Instead of performing path translation, Zarc stores them as an array of components: ["crates", "cli", "src", "pack.rs"]
, so they get interpreted precisely and exactly the same on all platforms.
Of course, some paths aren't Unicode, and Zarc recognises that and stores non-UTF-8 components marked as bytestringsinstead of text.
Attribute support
File and directory (and symlink etc) attributes and extended attributes are stored and restored as possible. You'd think this wouldn't be a feature but hooo boy are many other formats inconsistent on this.
User metadata
If you want to store custom metadata, there's dedicated support:
At the archive level
(not yet implemented)
$ zarc pack \
-u Created-By "Félix Saparelli" \
-u Rust-Version "$(rustc -Vv)" \
--output meta.zarc filelist
At the file level
(not yet implemented)
$ zarc pack \
-U one.file Created-By "Félix Saparelli" \
-U 'crates/*/glob' Rust-Version "$(rustc -Vv)" \
--output meta.zarc filelist
Cheap appends
(not yet implemented)
Adding more files to a Zarc is done without recreating the entire archive:
$ zarc pack --append --output myfirst.zarc more.files and/folders
If new content duplicates the existing, it won't store new copies. If new files are added that have the same path as existing ones, both the new and old metadata are kept. By default, Zarc will unpack the last version of a path, but you can change that.

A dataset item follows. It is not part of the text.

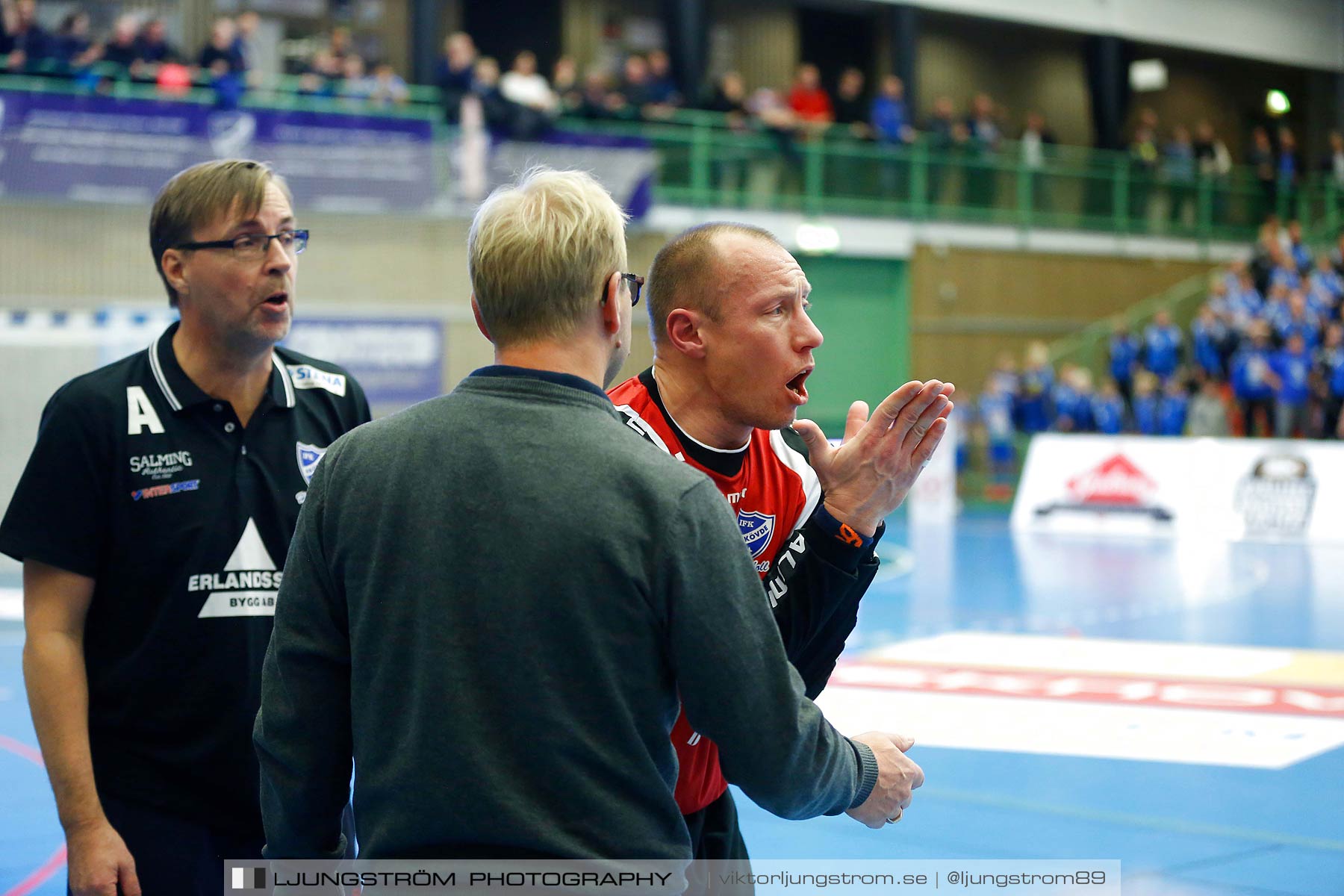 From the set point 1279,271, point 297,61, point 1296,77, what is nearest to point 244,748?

Appending to a Zarc keeps metadata about the prior versions for provenance. Zarc stores the insertion date of files and the creation date of the archive itself as well as all prior versions, so you can tell whether a file was appended and when it was created or modified.
Complexity and extensibility
Tar is considered to be quite complicated to parse, hard to extend, and implementations are frequently incompatible with each others in subtle ways. A minor goal of Zarc is to specify a format that is relatively simple to parse, work with, and extend.
Limitations
- Compression is per unique file, so it won't achieve compression gains across similar-but-not-identical files.
Performance
In early testing, it's 2–4 times slower at packing than tar+zstd, but yields comparable (±10%) archive sizes. It's 3–10 times faster than Linux's zip, and yields consistently 10-30% smaller archives.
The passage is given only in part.